--- INPUT FOR THIS TASK ---

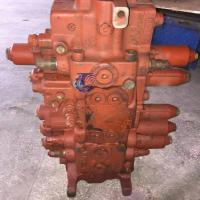 2436U1231F11 KMX15F Kobelco SK200-3 peças de reparação de excavadoras de válvulas de distribuição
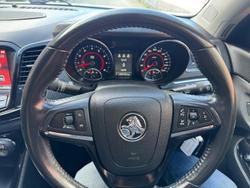 2013 Holden Commodore SV6 VF MY14 Heron White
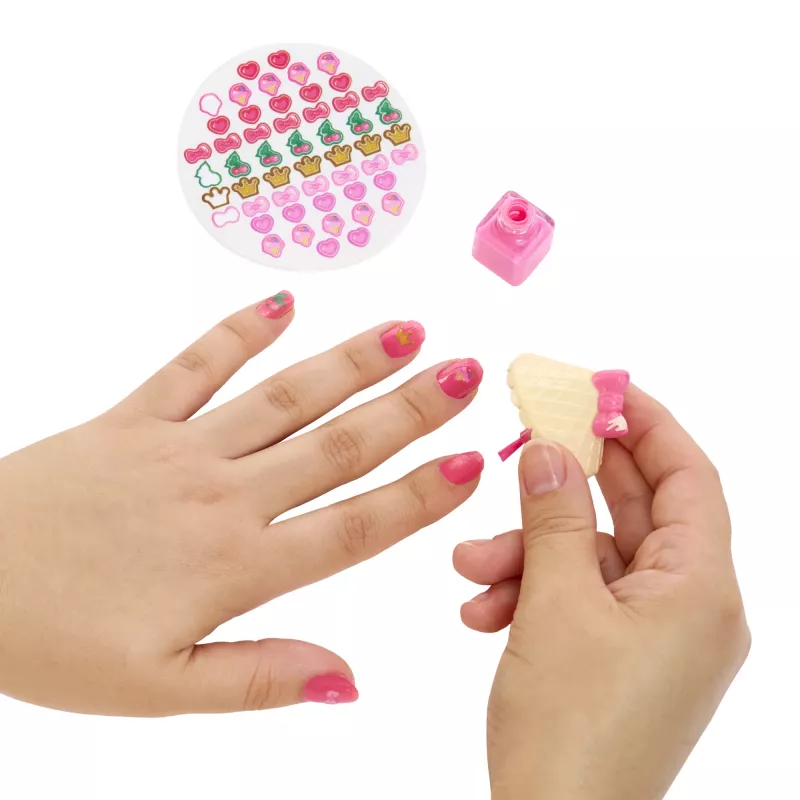 MGA Entertainment Yummiland Beauty Bag sada + Lip Gloss bábika - Ice Cream Beauty Bag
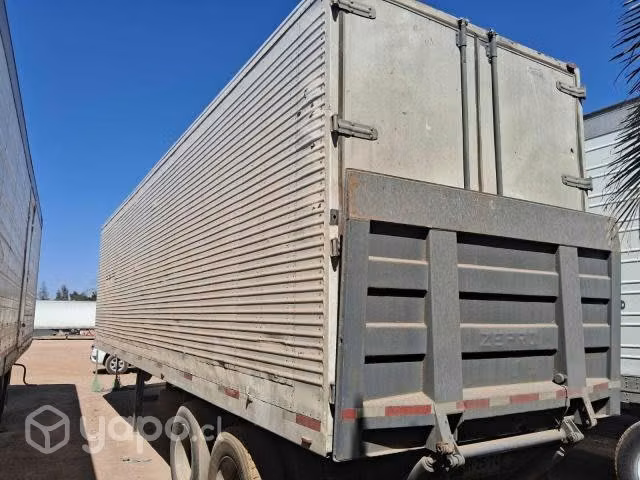 Rampla con Plataforma hidraulica 18 pallets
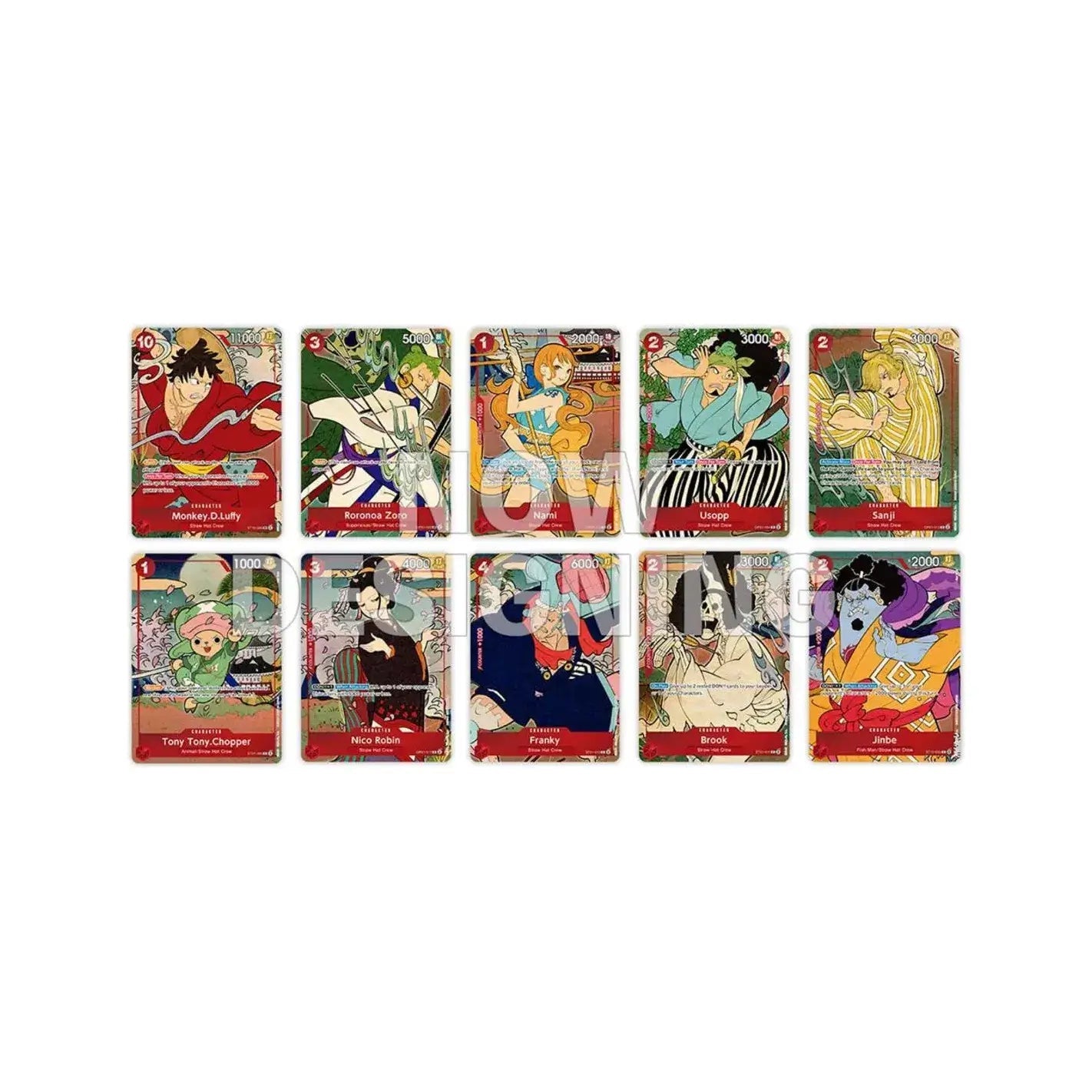 One Piece Card Game English Version 1st Year Anniversary Set EN - Pokeca.NL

---

Every entry above should be given again exactly, with no images included.

REPLY TO THE TASK:
 2436U1231F11 KMX15F Kobelco SK200-3 peças de reparação de excavadoras de válvulas de distribuição
 2013 Holden Commodore SV6 VF MY14 Heron White
 MGA Entertainment Yummiland Beauty Bag sada + Lip Gloss bábika - Ice Cream Beauty Bag
 Rampla con Plataforma hidraulica 18 pallets
 One Piece Card Game English Version 1st Year Anniversary Set EN - Pokeca.NL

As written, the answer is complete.